As far as he was concerned, the child had always been feral. In his opinion, Jonathan and Jennifer permitted her far too much freedom and exposure to outside influence. Their first mistake was in abbreviating her beautiful given name to two letters: J.J. What kind of name was that for a proper young lady? Then they allowed her to leave that fine private academy in Bel Air to attend a common public school in the city with the local element. She wore her beautiful hair in that horsetail thing and was in pants constantly, just like a boy. He would do anything for Jennifer, but he really didn’t know what he could do with Justine, not J.J., without hurting her feelings. But there would definitely be some changes made in her this week if she were going to be there with him, of that he was sure.
Seeing a car turn into the driveway from the main road, he urged his horse into a trot to meet the limousine as it approached the house.
Jennifer frequently sent pictures of Justine to him, but it had been a year since he had seen her in the flesh. He was unprepared for the girl that emerged from the car. She was taller and more slender than when he had last seen her. Although she still wore that hair up and was clad in jeans and boots, when she turned to face him he could see that she was becoming the mirror image of his Jennifer.
“Hello Pa.” She greeted him smiling the same wide, beautiful smile as her mother.
She walked over to him from the car and gently patted his horse, laying her cheek against its silken face, talking softly and greeting it the way that her mother would.
“He’s beautiful!” She exclaimed. He had forgotten how much Justine loved horses even though he was boarding her racehorse on the grounds of his estate.
Then, extending her hand up to him, she said to him, “Take me for a ride, Pa. I’ve been bad and they’ve sent me here to you for rehabilitation.”
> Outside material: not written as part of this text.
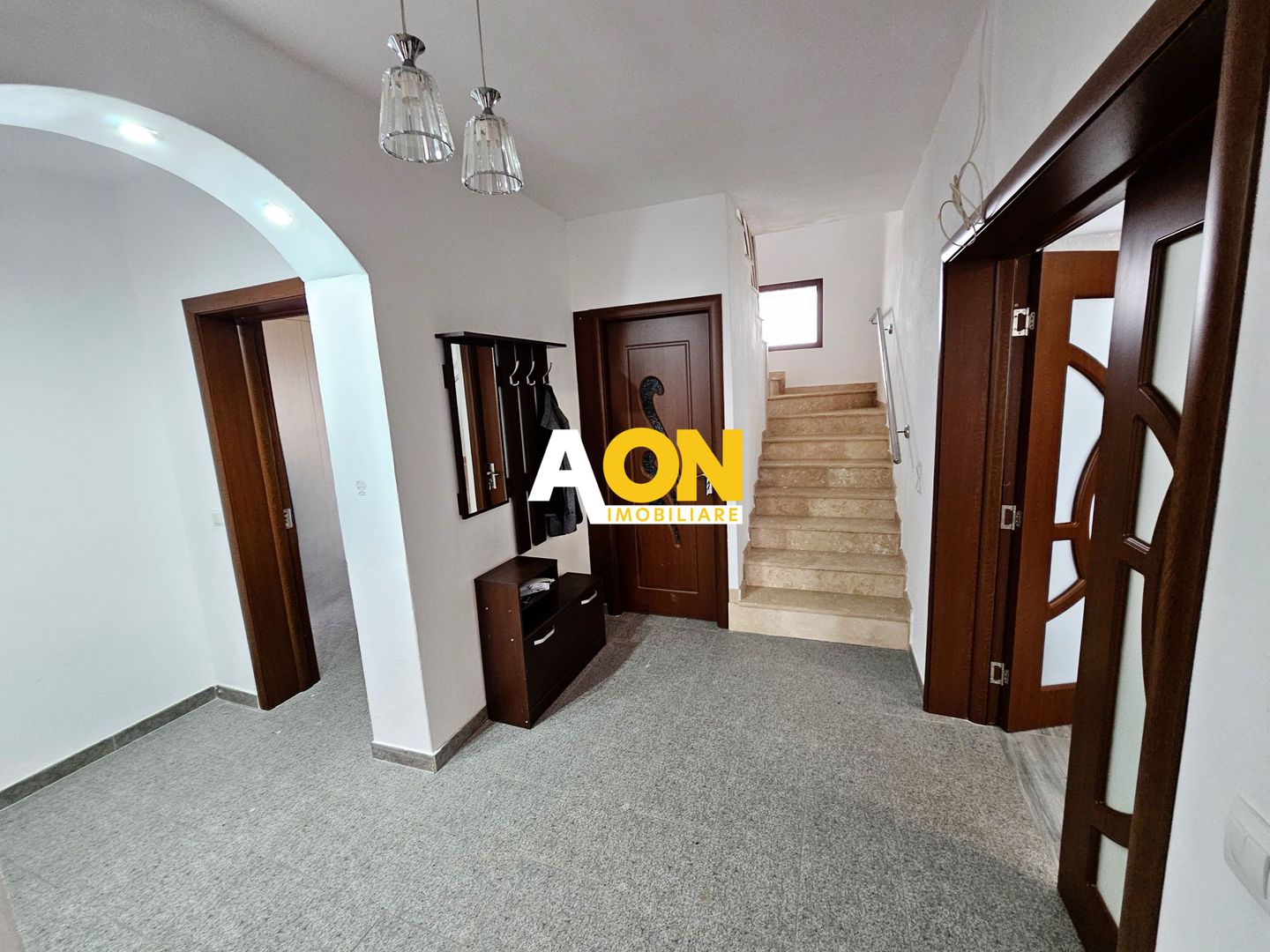 Casa individuala, mobilata utilata, zona Orizont - Poză 9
Looking down on her into her blue eyes, as she put her foot into the stirrup, he was compelled to reach down and pull her up to him. She mounted the horse behind him as easily and as naturally as Jennifer had done with him as a young girl. For some reason he recalled that time that Jennifer got sent home from school for getting caught smoking cigarettes in her room. He had met the car that delivered her in this same driveway. She had been thirteen at the time too.
Wrapping her arms around his waist, his granddaughter lay her head on his back.
“Welcome home, Justine.” He said to her. “Where would you like to go?”
“Anywhere you want to take me, Pa.” The hands that encircled his waist were long and slender, like Jennifer’s hands. Like Suzanne’s hands.
In those few opening moments, Stephen Edwards completely lost his heart to his granddaughter.
________________________________________________
“Mr. Hart, Mrs. Hart is here to see you.”
“Send her right in, Deanne!”
He was always delighted when Jennifer came to see him during the day. They had not seen as much of each other as they had planned this week.
Right away Jennifer found herself getting more wrapped up in her work since J.J. had been away. She was not as distracted by having to build her day around taking her to and picking her up from school. The hours flowed into each other and before she knew it, the whole day would be gone.
On the same day that he had put J.J. on the plane, urgent business with a division that he was trying to sell off immediately surfaced, taking up Jonathan’s time. He found himself in and out of meetings, on the phone, or reading paperwork. For them to be able to have a few minutes together like this was a treat.
She entered the office with a picnic basket.
“I took a chance. Do you have time to eat lunch with me?”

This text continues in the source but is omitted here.